木村拓哉主演で、1月4・5日に放送された新春SPドラマ「教場」(フジテレビ系)が、前編が15.3%、後編が15.0%と、ともに高視聴率をマークした。昨秋のクールの主演連ドラ「グランメゾン東京」(TBS系)での最高視聴率は最終回で16.4%と大躍進したものの、全11話を通しての平均視聴率は10%~14%台だっただけに「教場」の数字は、「平成の視聴率男」復活の勢いを感じさせる結果だった。
「『教場』は一貫して硬派なドラマで、ネット上では《正月に家族で観るのには、少し重い内容ではないか》と不安視されていましたが、お笑いやバラエティ番組に飽きているタイミングで視聴者たちに、うまく刺さった。《キムタクはラブストーリーよりこういうドラマのが合ってるかも》といった声も見られました」(芸能ライター)
劇中では、木村演じる警察学校の教官・風間公親は、白髪で、義眼のため色眼鏡をかけている、という設定の容貌だったが、この木村の姿には〈新境地の開拓のための苦肉の策では?〉などの声もあがるなど、事前の評判は決して良いものばかりではなかった。
「しかも風間は、一見冷徹だが実は思慮深く、生徒たちの少しの変化や動向も見逃さず、決して心を乱さないという役どころで、これまでの木村の“俺様”的なオーバーアクションな演技をかなり抑え込む必要があったが、これを木村はうまくこなしていました。そのため、むしろ風間の生徒役たちの個性が個々に光るものになり、ドラマ全体にも鬼気迫るような迫力が出た印象です」(前出・芸能ライター)

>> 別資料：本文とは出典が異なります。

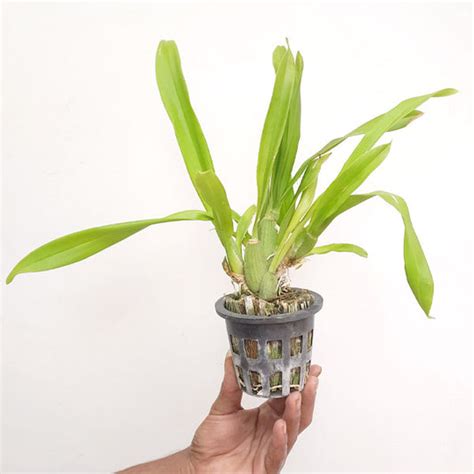 Buy Oncidium Orchids Online India | Dancing lady oncidium online ...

生徒役では、大島優子、葵わかな、そして、好意を持っている風間を誘惑するほど容姿には自信を持っているという設定の菱沼羽津希を演じた川口春奈と、アイドル的な容姿の女性陣が顔をそろえ好演。
「しかし、大島らが引き立て役かと思うほど演技で彼女たちを“喰って”いたのが、最大限に喜怒哀楽を表現できていた、枝元佑奈役の富田望生ではないでしょうか。実家の都合で警察官の夢をあきらめる時の嗚咽、警察学校をひとりで去る際の止まらない大粒の涙。川口扮する菱沼に武術の訓練で見せた厳しい表情から一転、劇中ラストに見せた、実家の家業である旅館の女将として見せた落ち着き、さらに飛び切りの笑顔と着物姿には、そこはかとなく色香さえありました。少々ぽっちゃり体型で、容姿でファンを引き込むタイプではないが、きっと今後のドラマ界で頭角を現していくはずですよ」(前出・芸能ライター)
いずれにせよ、今後の木村は、TBS系とテレビ朝日系で隔年ごとに連ドラの主演が決まっているという話も伝わっている。しかし、フジ系で放送されたこの「教場」も連ドラ化するのでは?との見方も出るほど、大きなインパクトを視聴者に残せたことは間違いないようだ。